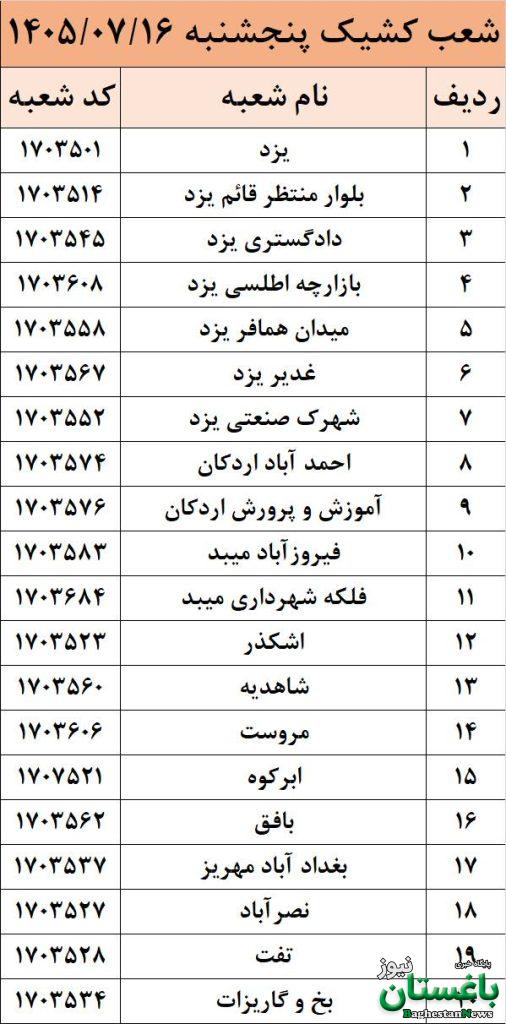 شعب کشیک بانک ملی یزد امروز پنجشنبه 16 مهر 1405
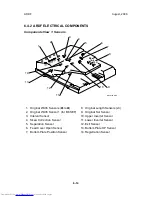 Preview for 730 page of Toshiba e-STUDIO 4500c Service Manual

==

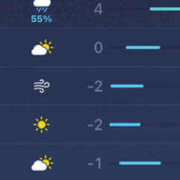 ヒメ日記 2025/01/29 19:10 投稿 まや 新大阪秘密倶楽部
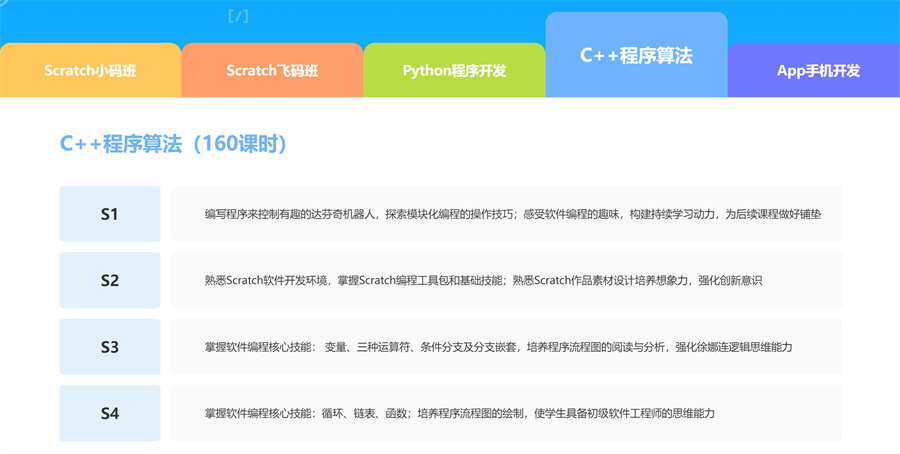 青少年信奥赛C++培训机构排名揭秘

==

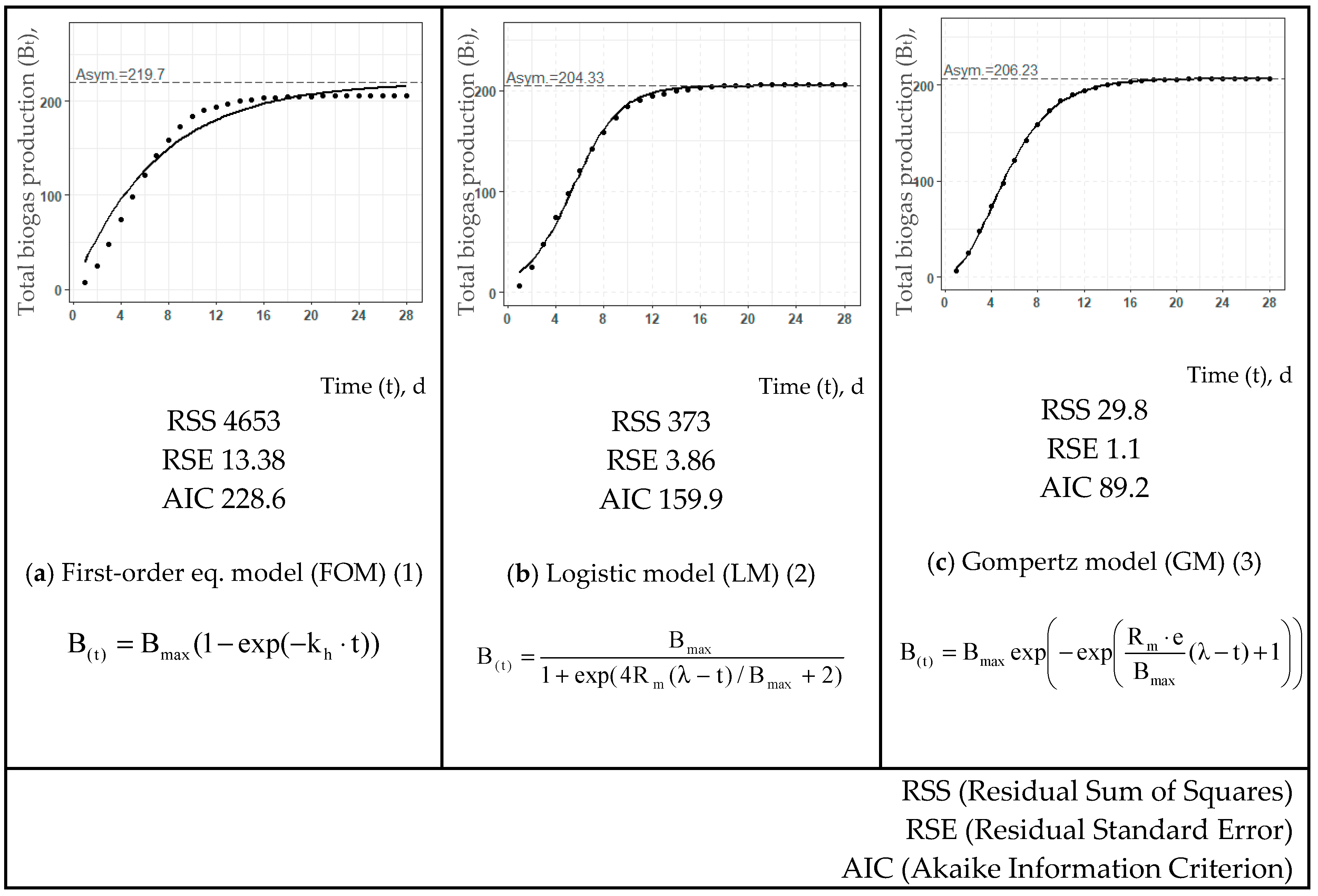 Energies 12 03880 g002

* **TO DO**
Copy word for word the lines of the records above from the one with "شعب کشیک بانک" up to and including the one with "Preview for 730". Skip the pictures.

* **SOLUTION FOR THIS PROBLEM**
 شعب کشیک بانک ملی یزد امروز پنجشنبه 16 مهر 1405
 Preview for 730 page of Toshiba e-STUDIO 4500c Service Manual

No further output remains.